How to Compress and Decompress FASTQ, SAM/BAM & VCF Files using genozip?

compressing and decompressing files using genozip

genozip is a tool for lossless compression of large files including VCF, FASTQ, and SAM/BAM files [1]. In this article, we explain the usage of the genozip tool for the compression and decompression of these files.

To create a reference file

genozip can compress with or without a reference file but it is better to use a reference file to get much better results.

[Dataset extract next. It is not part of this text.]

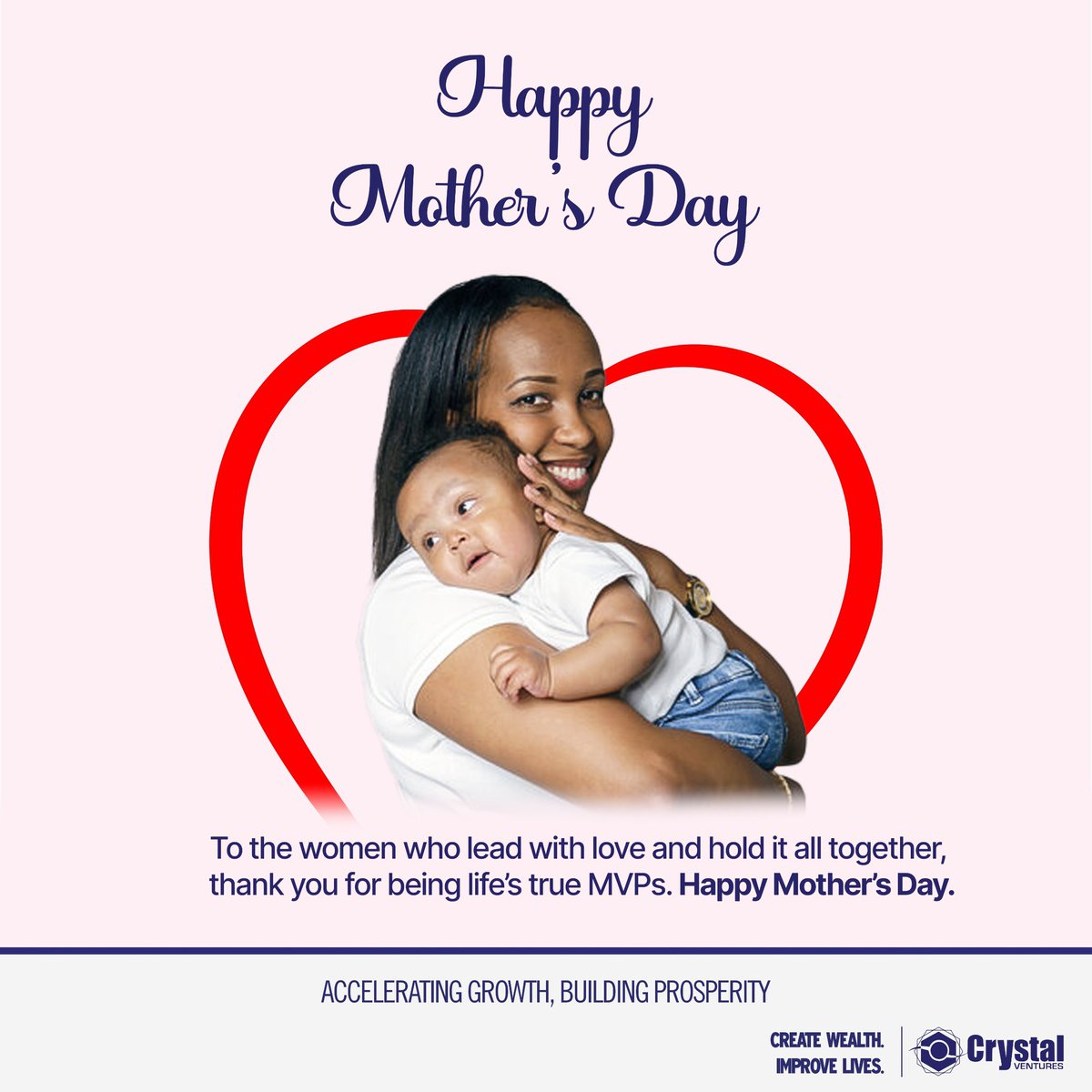 To the women whose love builds homes, whose strength drives change, and whose wisdom guides generations - Happy Mother’s Day. We celebrate you today and always.

#CVLRwanda #MothersDay2025 #RWOX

$ genozip --make-reference input.fa

It will output input.ref.genozip.

To compress FASTQ file using a reference file

For example, you have three FASTQ files: file1.fq, file2.fq, and file3.fq, then compress them using the reference file as shown below:

$ genozip --reference input.ref.genozip file1.fq file2.fq file3.fq

To compress VCF file using a reference file

$ genozip --reference input.ref.genozip files.vcf.gz

To compress SAM/BAM file using a reference file

$ genozip --reference input.ref.genozip file.bam

To compress paired ends

$ genozip --reference input.ref.genozip --pair sample1.fastq.gz sample2.fastq.gz

To decompress paired ends

$ genounzip --reference input.ref.genozip --unbind sample1+2.fastq.genozip

To compress & test the compression

$ genounzip inputfile.vcf --test

To convert SAM/BAM files to FASTQ

You can also convert SAM/BAM files to FASTQ format using the following command:

$ genounzip inputfile.bam.genozip --fastq

For more options, type the following in your terminal:

$ genounzip --help